The life of popular minister Peter Marshall is dramatized in “A Man Called Peter,” which will be featured at a one-time screening at Brigham Young University’s Harold B. Lee Library auditorium on Friday, Dec. 6, at 7 p.m.
Doors open at 6 p.m. and admission is free, but seating is limited. Children ages 8 and over are welcome. No food or drink is permitted in the auditorium.
Directed by Henry Koster, this 1955 CinemaScope feature stars Richard Todd in the title role of Peter Marshall, the charismatic Scottish minister who, beginning in the late 1930s, electrified congregations at Washington, D.C’.s New York Avenue Presbyterian Church, the famed Church of the Presidents.
He was appointed United States Senate Chaplain in 1946 and served until he suffered a fatal heart attack in 1949, at the age of 46.
President David O. McKay of The Church of Jesus Christ of Latter-day Saints departed from precedent at the Church’s annual general conference in April 1955 to recommend that congregants see “A Man Called Peter.”

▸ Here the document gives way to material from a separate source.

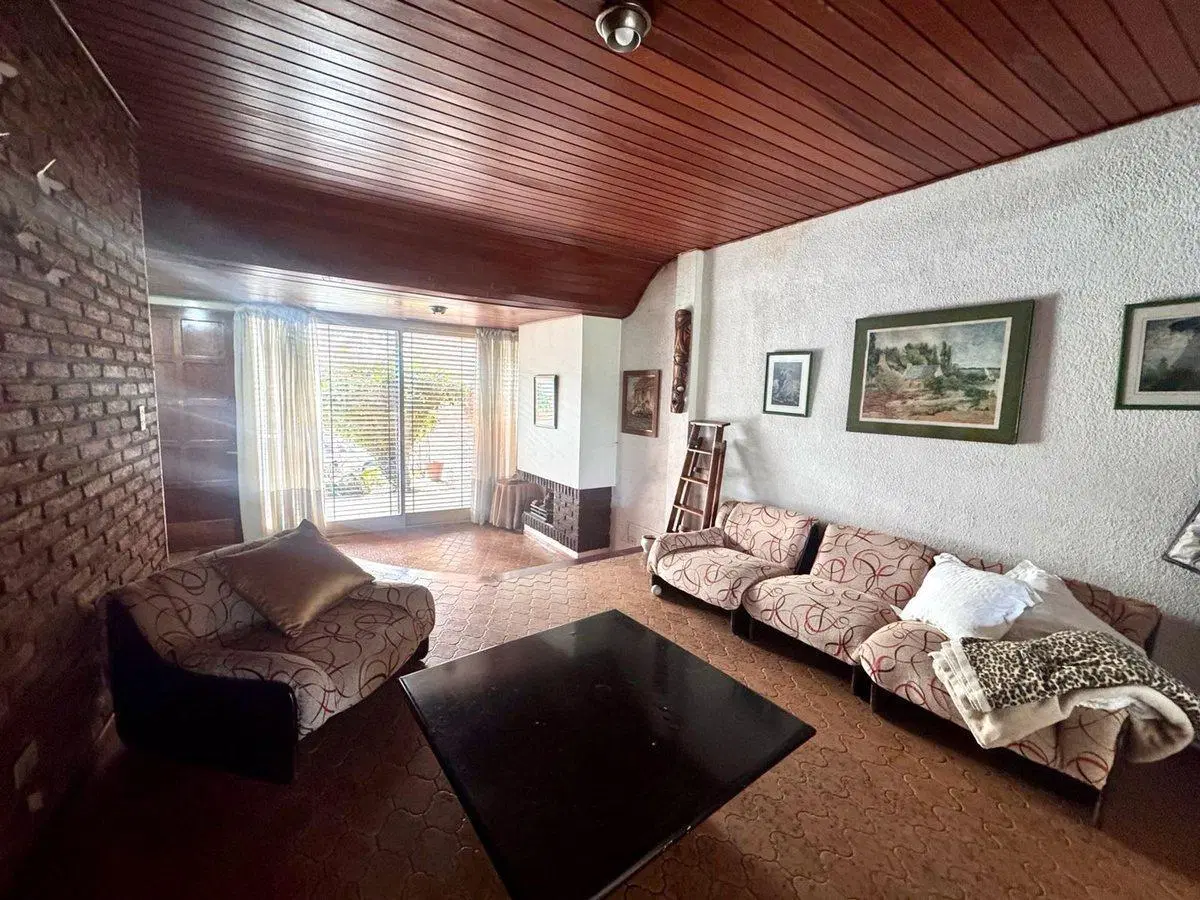 CASA EN VENTA PARQUE AVELLANEDA 3 DORM JARDIN COCH 3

The film also features Jean Peters as Marshall’s wife, Catherine Marshall, who also penned the biography adapted by Twentieth Century Fox for the film. She was also a consultant on the motion picture.
Friday’s showing of “A Man Called Peter” is part of the ongoing BYU Motion Picture Archive Film Series, now in its 15th season, co-sponsored by the L. Tom Perry Special Collections, the Friends of the Harold B. Lee Library, and Dennis & Linda Gibson.